= Joseph Smith's views on Black people =

Mormon founder's teachings on race

Joseph Smith's views on Black people varied during his lifetime. As founder of the Latter Day Saint movement, he included Black people in many ordinances and priesthood ordinations, but held multi-faceted views on racial segregation, the curses of Cain and Ham, and shifted his views on slavery several times, eventually coming to take an anti-slavery stance later in his life.

==Curses of Cain and Ham==

Smith taught that Black people were under the curse of Ham, and the curse of Cain. He referred to the curses as a justification for slavery, and also taught that dark skin marked people of African ancestry as cursed by God. In Smith's revisions of the King James Bible, and production of the Book of Abraham (part of the Pearl of Great Price) he traced their cursed state back to the curses placed on Cain and Ham, and linked the two curses by positioning Ham's Canaanite posterity as matrilinear descendants of Cain. In another book of the Pearl of Great Price the descendants of Cain are described as dark-skinned. The biblical account of the Hamitic curse origins states that Ham discovered his father Noah drunk and naked in his tent. Because of this, Noah cursed Ham's son, Canaan to be "servants of servants". Although the scriptures do not mention Ham's skin color, some doctrines associated the curse with Black people and used it to justify slavery.

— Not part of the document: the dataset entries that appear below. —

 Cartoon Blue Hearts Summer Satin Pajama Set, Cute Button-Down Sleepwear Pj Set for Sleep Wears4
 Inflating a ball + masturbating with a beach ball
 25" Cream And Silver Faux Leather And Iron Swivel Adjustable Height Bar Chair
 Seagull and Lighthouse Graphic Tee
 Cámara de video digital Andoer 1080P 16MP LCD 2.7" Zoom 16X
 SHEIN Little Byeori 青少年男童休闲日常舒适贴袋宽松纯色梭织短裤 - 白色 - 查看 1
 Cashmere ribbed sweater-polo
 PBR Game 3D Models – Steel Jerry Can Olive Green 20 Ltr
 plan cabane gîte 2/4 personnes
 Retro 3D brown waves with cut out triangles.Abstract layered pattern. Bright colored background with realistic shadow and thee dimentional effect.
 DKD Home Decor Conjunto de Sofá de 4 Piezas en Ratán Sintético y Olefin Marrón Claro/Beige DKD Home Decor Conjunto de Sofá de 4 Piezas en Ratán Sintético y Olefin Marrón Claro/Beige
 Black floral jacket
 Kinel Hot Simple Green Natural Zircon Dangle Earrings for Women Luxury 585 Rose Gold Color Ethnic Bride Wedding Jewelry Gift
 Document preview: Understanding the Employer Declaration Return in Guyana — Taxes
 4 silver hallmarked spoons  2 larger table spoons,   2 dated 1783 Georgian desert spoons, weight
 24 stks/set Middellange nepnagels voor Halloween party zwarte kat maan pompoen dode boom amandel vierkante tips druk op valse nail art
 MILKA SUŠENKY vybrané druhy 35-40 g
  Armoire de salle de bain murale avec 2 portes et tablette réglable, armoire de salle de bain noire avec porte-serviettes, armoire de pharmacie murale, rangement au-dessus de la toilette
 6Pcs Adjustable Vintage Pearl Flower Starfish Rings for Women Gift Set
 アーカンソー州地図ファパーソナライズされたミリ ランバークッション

==Temple and priesthood ordinances==

Smith was present at the priesthood ordination of Elijah Abel, a man of partial African descent, to the offices of both elder and seventy, and allowed for the ordination of a couple of other Black men into the priesthood of the early church. Smith's successor, Brigham Young, would later adopt the policy of prohibiting Black people from receiving the priesthood after Smith's death. In 1841, Joseph Smith stated that if the opportunity to Black people were equal to the opportunity provided to White people, Black people could perform as well or even outperform White people. Joseph Smith stated, about Black individuals, "They have souls, and are subjects of salvation. Go into Cincinnati or any city, and find an educated negro, who rides in his carriage, and you will see a man who has risen by the powers of his own mind to his exalted state of respectability."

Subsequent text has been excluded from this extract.